We’ve talked about how to do a free SQL Server health check, and then how to drill deeper with performance check.
After these two, management usually steps back and asks, “Wait a minute – how’d we get into this mess? And long term, strategically, what should we do next?”
And usually, we’re in a hot mess because we’ve underprovisioned hardware capabilities relative to our query performance goals, not to mention our backup/recovery goals. Our databases grew larger and our maintenance window got smaller, and now if we get into trouble, we can’t restore our databases fast enough.
Step 1: Fill out the HA/DR RPO/RTO worksheet.
In our free First Responder Kit, open up the file “Worksheet – High Availability and Disaster Recovery Planning.pdf.”

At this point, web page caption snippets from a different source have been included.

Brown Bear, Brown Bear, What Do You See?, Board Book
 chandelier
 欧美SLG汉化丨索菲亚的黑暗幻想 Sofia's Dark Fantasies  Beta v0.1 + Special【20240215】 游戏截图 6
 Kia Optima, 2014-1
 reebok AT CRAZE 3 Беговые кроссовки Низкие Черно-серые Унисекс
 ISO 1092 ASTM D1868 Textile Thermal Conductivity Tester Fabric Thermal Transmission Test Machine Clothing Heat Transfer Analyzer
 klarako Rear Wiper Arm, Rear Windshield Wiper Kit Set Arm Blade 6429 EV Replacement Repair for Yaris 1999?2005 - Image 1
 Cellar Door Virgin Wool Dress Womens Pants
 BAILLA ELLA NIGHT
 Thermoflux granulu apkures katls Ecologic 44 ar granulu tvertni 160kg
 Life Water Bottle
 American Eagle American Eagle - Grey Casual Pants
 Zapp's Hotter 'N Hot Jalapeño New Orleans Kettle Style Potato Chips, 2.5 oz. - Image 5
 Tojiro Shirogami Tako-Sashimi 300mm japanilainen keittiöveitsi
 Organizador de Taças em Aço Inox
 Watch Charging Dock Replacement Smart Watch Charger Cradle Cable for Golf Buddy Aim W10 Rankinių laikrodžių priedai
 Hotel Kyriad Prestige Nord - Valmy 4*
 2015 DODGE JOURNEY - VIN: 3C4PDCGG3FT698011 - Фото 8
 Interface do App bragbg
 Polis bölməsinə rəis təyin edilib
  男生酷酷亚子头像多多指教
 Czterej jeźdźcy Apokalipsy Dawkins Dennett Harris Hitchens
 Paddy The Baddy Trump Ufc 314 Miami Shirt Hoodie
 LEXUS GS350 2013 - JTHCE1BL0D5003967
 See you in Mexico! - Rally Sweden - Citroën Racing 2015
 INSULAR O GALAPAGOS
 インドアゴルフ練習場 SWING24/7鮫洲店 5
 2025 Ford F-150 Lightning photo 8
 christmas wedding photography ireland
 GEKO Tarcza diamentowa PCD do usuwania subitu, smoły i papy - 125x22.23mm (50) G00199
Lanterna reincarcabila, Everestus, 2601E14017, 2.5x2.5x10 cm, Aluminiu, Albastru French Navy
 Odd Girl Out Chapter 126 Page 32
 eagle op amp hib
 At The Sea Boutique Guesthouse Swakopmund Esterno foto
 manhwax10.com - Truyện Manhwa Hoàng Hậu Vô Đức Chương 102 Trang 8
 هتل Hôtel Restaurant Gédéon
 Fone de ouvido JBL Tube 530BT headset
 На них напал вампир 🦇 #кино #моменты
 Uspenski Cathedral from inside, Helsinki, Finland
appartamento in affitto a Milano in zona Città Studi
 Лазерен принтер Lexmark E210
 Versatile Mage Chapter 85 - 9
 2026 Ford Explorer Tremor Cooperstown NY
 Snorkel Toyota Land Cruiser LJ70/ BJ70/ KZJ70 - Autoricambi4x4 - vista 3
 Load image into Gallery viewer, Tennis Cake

Fill out the “Current State” columns based on your HA/DR setup, your backup schedules, and your restore speeds. If you haven’t tested restores or failovers in the last 6-12 months, put “UNKNOWN” across the appropriate areas.
Make sure to read the details carefully (c’mon, it’s a short page) to understand each of the failure modes. For example, folks often tell me, “We have high availability built in because we use VMware or Hyper-V.” No, those are not high availability – they’re just availability. Read those failure modes, and you’ll notice that if some of them occur, it doesn’t matter which host your VM boots up on – it’s still down for the count.
This stuff really does happen. For real-life examples, check out the post 9 Ways to Lose Data.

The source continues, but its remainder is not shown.